Volvía ahora a casa y me cagó encima una paloma. No me ocurría eso desde los ya lejanos años 80. Me sucedió en aquella ocasión mientras caminaba con una chica por los Cantones, en La Coruña. Que te cague una paloma es cualquier cosa menos romántico, desde luego. Pero lo cierto es que, mientras trataba de limpiar la manga de la cazadora con un pañuelo de papel, a los dos nos dio la risa. Y la risa, desde luego, es una llave maestra que abre casi todas las puertas…

Comunicación gestual

Hace años bajé al Metro de Madrid justo tras una discusión. Iba con el ceño fruncido, abismado en mis cosas y fui pararme justo al borde del andén. Allí estaba yo, de ánimo sombrío cuando llegó por el túnel un de los trenes viejos, que lo hacían con un estruendo tremendo.

Se me ocurrió volver la cabeza y, para mi pasmo, el conductor, que venía dándole a esa manivela horizontal de los metros de antes, me estaba observando con expresión casi de pavor. Más tarde caí en la cuenta de que sin duda aquel pobre hombre, al verme justo al borde y con ese aire sombrío, se temió que me arrojase a las vías, delante del tren. Son muchos los que lo hacen y es algo que los conductores llevan muy mal, eso de arrollar a suicidas.

El caso es que yo a mi vez le miré con expresión de absoluta perplejidad y la de él, al advertirlo, se trocó en una de alivio inmenso. Había constatado el error y, esa vez al menos y en esa estación, no se le iba a arrojar delante para su horror.

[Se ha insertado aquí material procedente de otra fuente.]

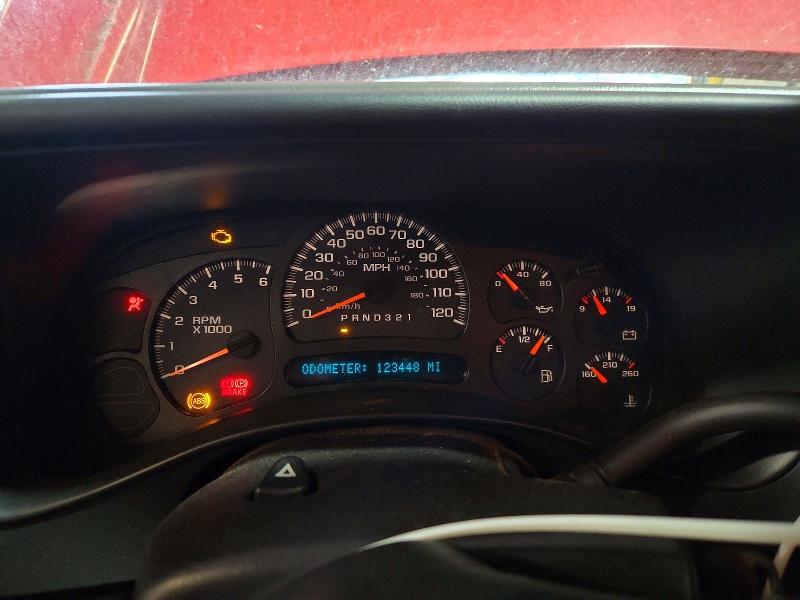 56627446 :رقم المزاد ، 3GCEK14V96G242284 vin ، 2006 Chevrolet Silverado مزاد بيع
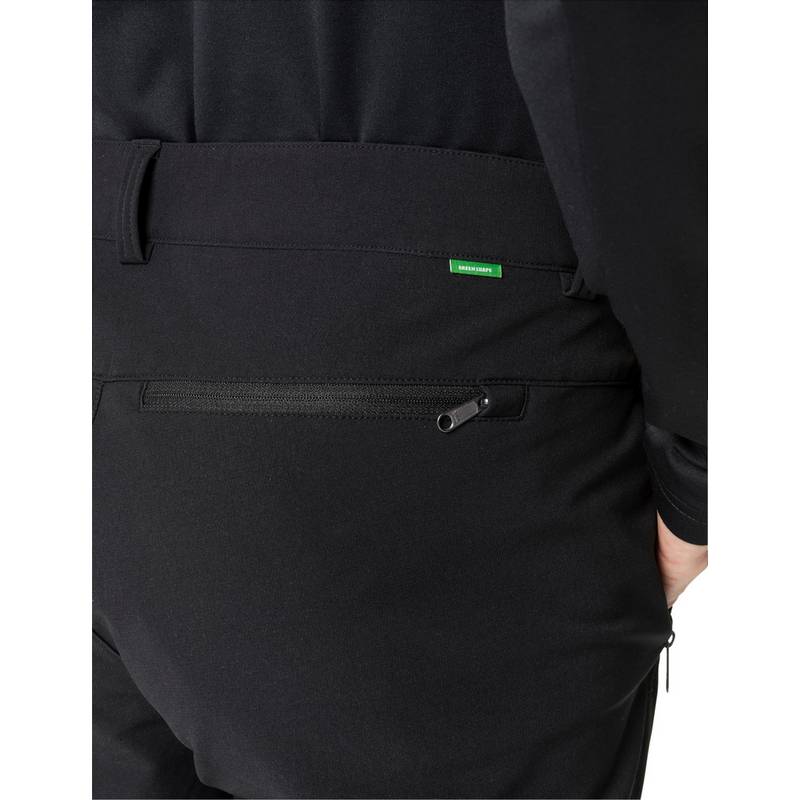 VAUDE Strathcona Warm II Softshellhose Herren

Luego el tren siguió hasta ocupar todo el andén. Yo subí al vagón aún desconcertado por esa cara de miedo y sólo al rato de cavilar caí en la cuenta. Y entretanto, cavilando, ya se me había ido el enojo, que por cierto no recuerdo a qué se debía.

Poema de amor

Te amo sueño del viento
confluyes con mis dedos olvidado del norte
en las dulces mañanas del mundo cabeza abajo
cuando es fácil sonreír porque la lluvia es blanda
En el seno de un río viajar es delicia
oh peces amigos decidme el secreto de los ojos abiertos
de las miradas mías que van a dar en la mar
sosteniendo la quilla de los barcos lejanos
Yo os amo —viajadores del mundo— los que dormís sobre el agua
hombres que van a América en busca de sus vestidos
los que dejan en la playa su desnudez dolida
y sobre las cubiertas del barco atraen el rayo de la luna
Caminar esperando es risueño es hermoso
la plata y el oro no han cambiado de fondo
botan sobre las ondas sobre el lomo escamado
y hacen música o sueño para los pelos más rubios
Por el fondo de un río mi deseo se marcha
de los pueblos innúmeros que he tenido en las yemas
esas oscuridades que vestido de negro
he dejado ya lejos dibujadas en espalda
La esperanza es la tierra es la mejilla
es un inmenso párpado donde yo sé que existo
¿Te acuerdas? Para el mundo he nacido una noche
en que era suma y resta la clave de los sueños
Peces árboles piedras corazones medallas
sobre vuestras concéntricas ondas —sí— detenidas
yo me muevo y si giro me busco oh centro oh centro
camino —viajadores del mundo— del futuro existente
más allá de los mares en mis pulsos que laten.